The LMH rules, as published, suggested that a manufacturer had two choices on tyre size: 31cm all round or 29cm front and 34cm rear. But that wasn’t actually the case, explains Jansonnie. Peugeot discussed the possibility of running the 29/34 option with rulemakers the FIA and the Automobile Club de l’Ouest, but was told that a four-wheel-drive hybrid as the 9X8 was always going to be had to go with 31/31. The second option was reserved for two-wheel-drive machinery, non-hybrid LMHs and the LMDhs.

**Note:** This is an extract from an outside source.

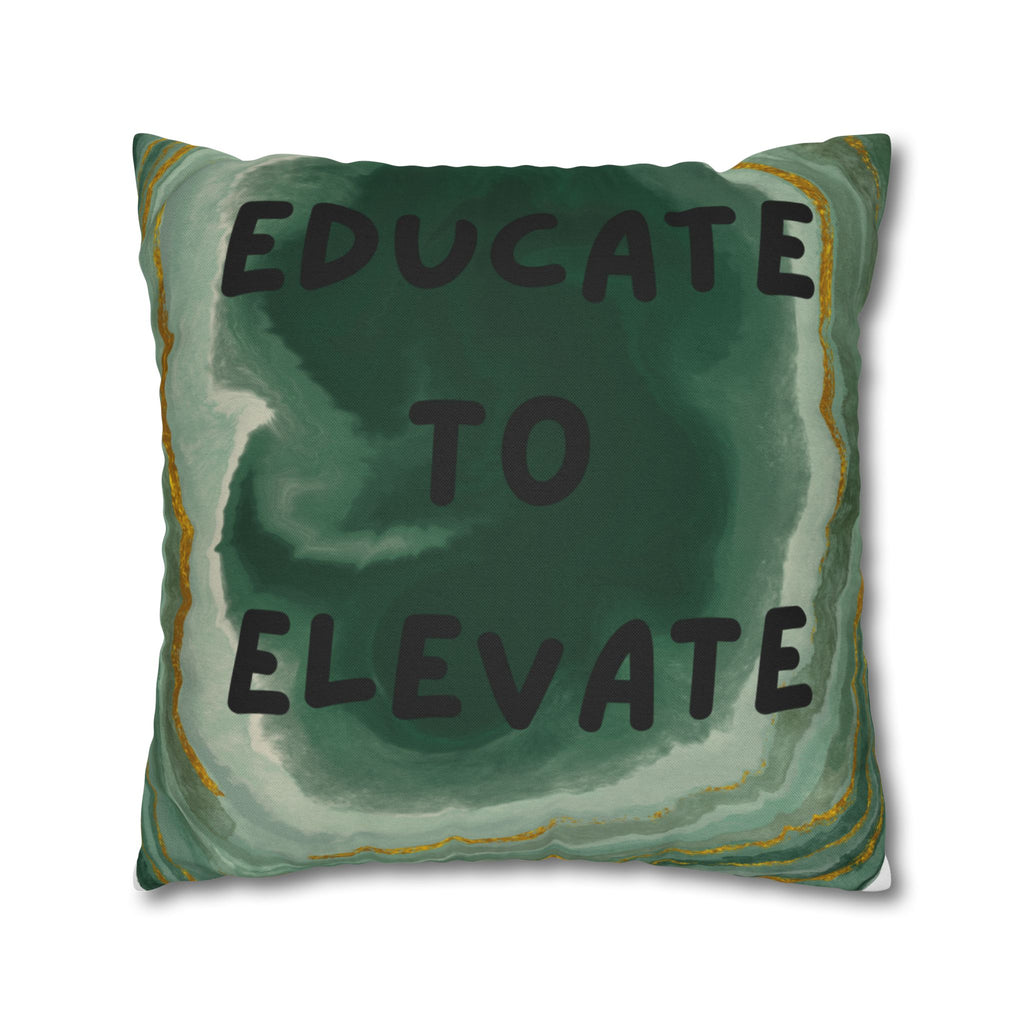 Educate to Elevate Green Geode Square Pillowcase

That changed during the so-called convergence process. Now all new cars have to run 29/34, unless they were homologated and raced prior to this season. Toyota swapped from 31/31 to 29/34 with its GR010 HYBRID for the 2022 season, citing compromised weight distribution being to the detriment of tyre life. The same move for Peugeot wasn’t possible courtesy of its unusual concept. 

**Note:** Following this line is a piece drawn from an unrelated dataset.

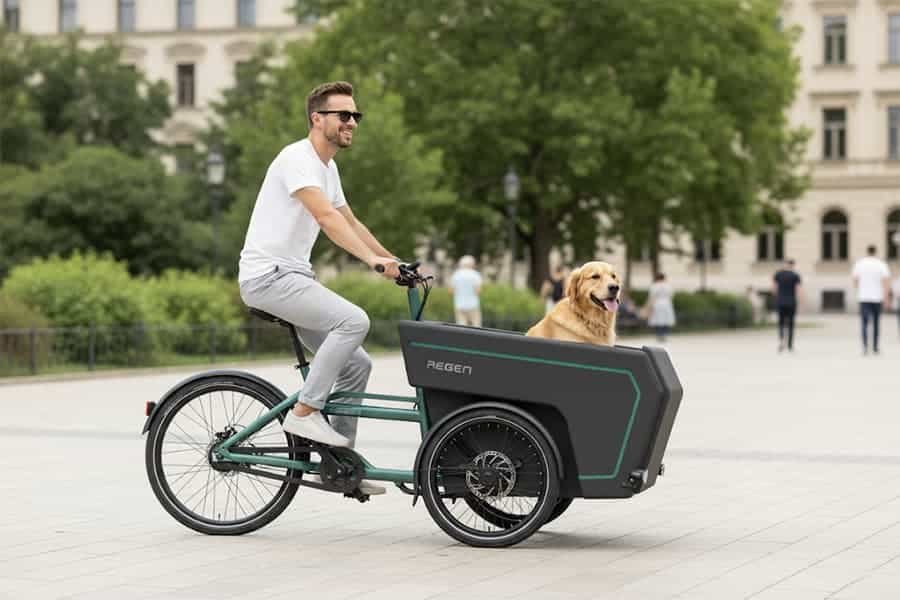 regen electric cargo bike rs01 3 wheel electric cargo bike with color green and black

“The tyre choice made has driven the complete architecture of the car, including the 50-50 weight distribution and no rear wing,” says Jansonnie. “Why didn’t we change? It’s not just about putting wider rims at the rear and narrower rims at the front and changing the wishbones. It is much bigger than that. The change in rules came too late for us to be ready for racing in 2022.”

The rear wingless wonder 9X8 hasn't proven a hit in the WEC yet

The rear wingless wonder 9X8 hasn't proven a hit in the WEC yet

Photo by: JEP / Motorsport Images

Ask Jansonnie if Peugeot would have pushed on with the 9X8 as it is if it had known how the rules were going to change, and he replies: “That’s a good question. If we’d known what the regulations were going to become, we would probably have done things a bit differently.”

The 9X8 design team identified the 29/34 tyre option had advantages from the get-go, according to Jansonnie: “The fact that 29/34 is generating performance was clear to us, but when we made our choices it was not open to us.”

But Jansonnie refuses to say that the 9X8 has been belatedly compromised in concept: “It is clearly a car into which we put some effort on the styling. I don’t think it is costing us anything on the performance right now, we have no evidence of this.”

He does admit, however, that the narrow rears have played a role in the tyre degradation issues experienced so far. “We are struggling on tyres because of our tyre dimensions for sure, on some tracks and in some specific conditions,” he says.

There’s probably some time to go before we know if Peugeot can turn the 9X8 into a winner, perhaps with the help of the Balance of Performance, or whether it has to tear up the concept and start again

The focus for the moment at Peugeot is to create a reliable racing car. It has taken positive steps in that direction over the past two WEC races at Algarve and Spa in April, though there remain doubts about the reliability over 24 hours. 

“You can talk about performance and what effect the tyres will have [in terms of degradation], but the priority is to sort the reliability issues,” he explains. “We have to make sure the car can run long distances without problems, then the performance will come.”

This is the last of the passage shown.